Exception monitoring fills in the gaps in this error log. It helps you see data, user context, and performance characteristics about the error you’re seeing.
📌 Right now
Exception monitoring tools often are integrated via an SDK into your applications. Instead of just letting your app fail and output into your logs, tools like Honeybadger, Sentry, and Rollbar give line-by-line details about how your code went wrong, and in some cases, even the full context (Honeybadger calls this breadcrumbs) of how your code came to fail.
It’s easy to forget that humans are… fallible. When it comes to the art of reading request and error logs, we’re not usually able to recognize patterns, especially as systems grow more complex.
Exception monitoring tools track and collate your application’s errors. If you’re building something that has a ton of traffic (thus a ton of exceptions), knowing “What is the most common error in my application right now” is a really powerful way to prioritize fixes and tech debt.
Robust exception monitoring is often the sign of a functioning engineering organization. Errors in code are basically always going to happen—unless you believe the marketing and hype around tools like TypeScript or Rust—and it’s how you or your engineering team responds to those errors that matters.
GitHub’s 2016 blog post “Exception Monitoring and Response” is a great look at how an organization deals with exception monitoring at scale. Using a homegrown tool, GitHub categories exceptions by “Areas of Responsibilities”, or AORs.
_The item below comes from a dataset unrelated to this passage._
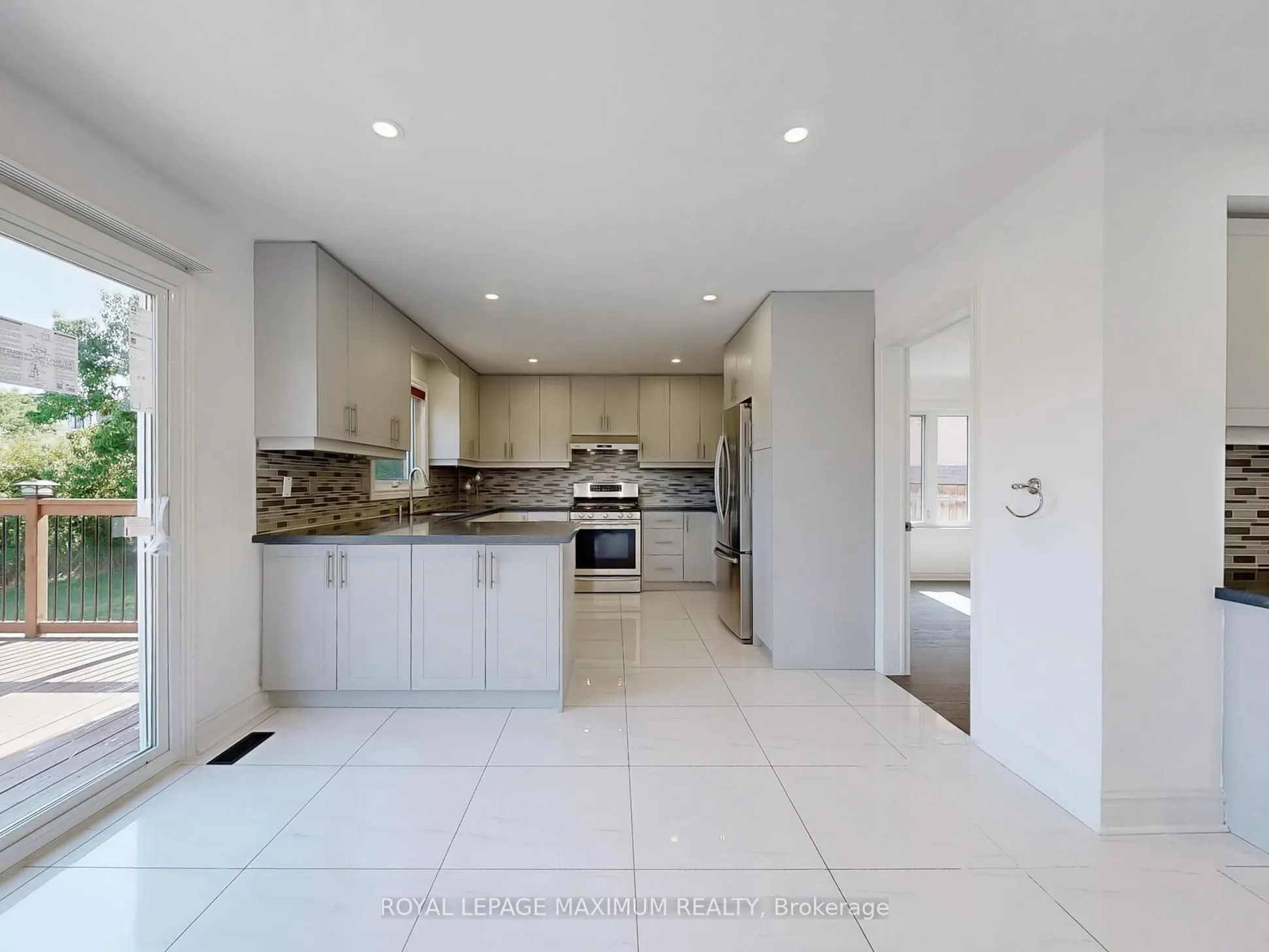 22 A Waltham Crescent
Areas of Responsibility help us in a couple of ways. They define instantly recognizable high-level areas of the site, and within each of those, a set of teams generally responsible for their well being and upkeep. Beyond that, we track exception rates for AORs in Graphite, so we can see any degradation over time.
👶 Where to start
Even if you don’t have a high-traffic production application, learning how to integrate an exception monitoring tool is a great exercise. For newer developers, it also reflects well on your resume or skillset to care about exception monitoring, as practically you’ll always work with applications that are generating exceptions.
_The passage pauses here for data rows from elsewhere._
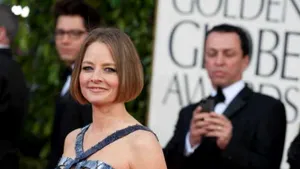 Jodie Foster, la 50 de ani: Cum arată în prezent actriţa. Speculaţia legată de Mel Gibson - FOTO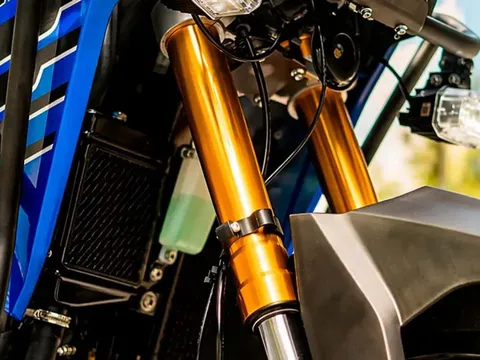 Chính thức ra mắt ‘vua côn tay’ mới phân khúc trên Yamaha Exciter và Honda Winner R: Giá mềm, có ABS 2 kênh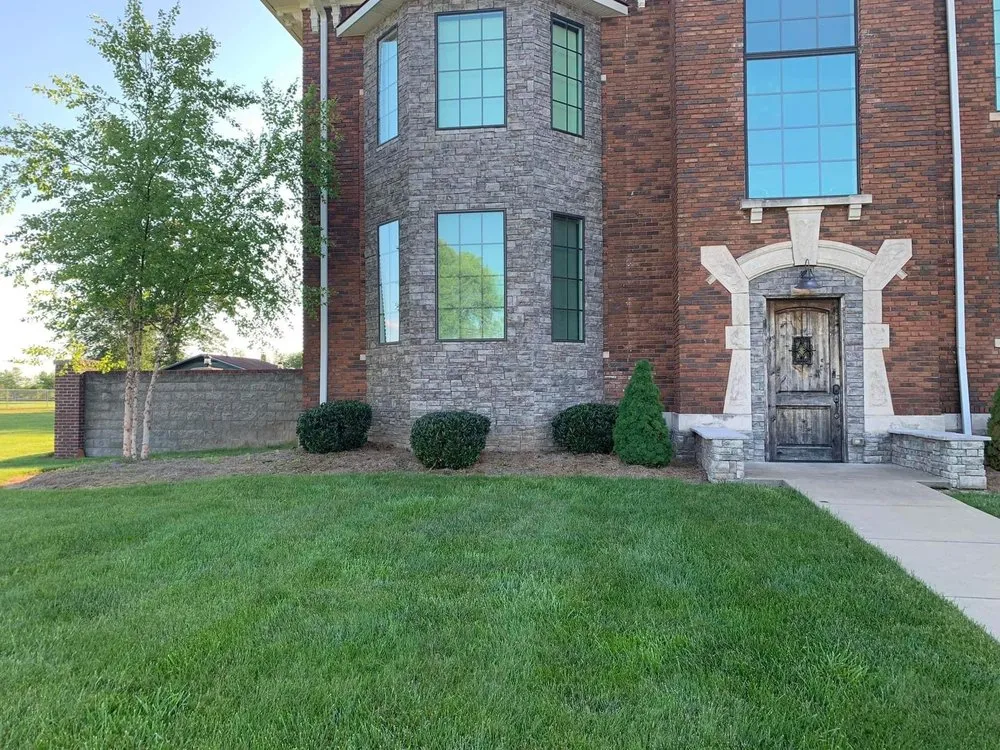 Professional landscape installation in Oakland, KY - Smokin Grass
Honeybadger, Sentry, and Rollbar are all popular exception monitoring tools, with free trials so you can begin experimenting with them. They also all have integration guides for a variety of languages, so whether you’re writing a React.js site or a Go backend API, you can integrate them into your codebase.
A great rule of thumb is to implement these best practices from Airbrake, covered in their “Error Monitoring vs. Logging” blog post:
Configuration: Set up your system to send log data directly to your monitoring tools. This way we can get a real-time picture of what is occurring at any given point in time. Once configured, your monitoring tools will alert you to various issues before you spot them in the log.
Triage: Log only data that is necessary for troubleshooting and/or compliance. Set up a series of rules for your log files to store important pieces of data and to discard the rest.
Structure: Structured data such as user id, error type, operating system, and more will make it a lot easier for your monitoring tools to be able to track common problems.
I’m working on a more practical example video on my YouTube channel to show you the how and why of error monitoring and how this category of tools can help you out, so keep an eye out for that 👀
🙋♀️ Who to know
Companies
Developers
🔗 Links
- Browser Integration Guide (documentation) — if you’re looking for a quick guide to using an exception monitoring tool, Honeybadger’s documentation for installing their universal JavaScript library and using it to identify users and begin reporting errors to their service can be done in just a few minutes.
- Error Logging and Tooling for Disney+ (blog post) — Andrew Hay covers how Disney’s streaming service Disney+ uses Sentry to manage exceptions and error logging across a diverse set of platforms and programming languages
- “Exception Monitoring and Response” (blog post) — the aforementioned guide to GitHub’s exception monitoring process dives deep into both the technical and organizational aspects of how the source code hosting tool handles exception monitoring.
- “Monitoring and Observability” (blog post) — Cindy Sridharan covers the difference between monitoring and observability, and how the discipline has changed since cloud computing has become ubiquitous.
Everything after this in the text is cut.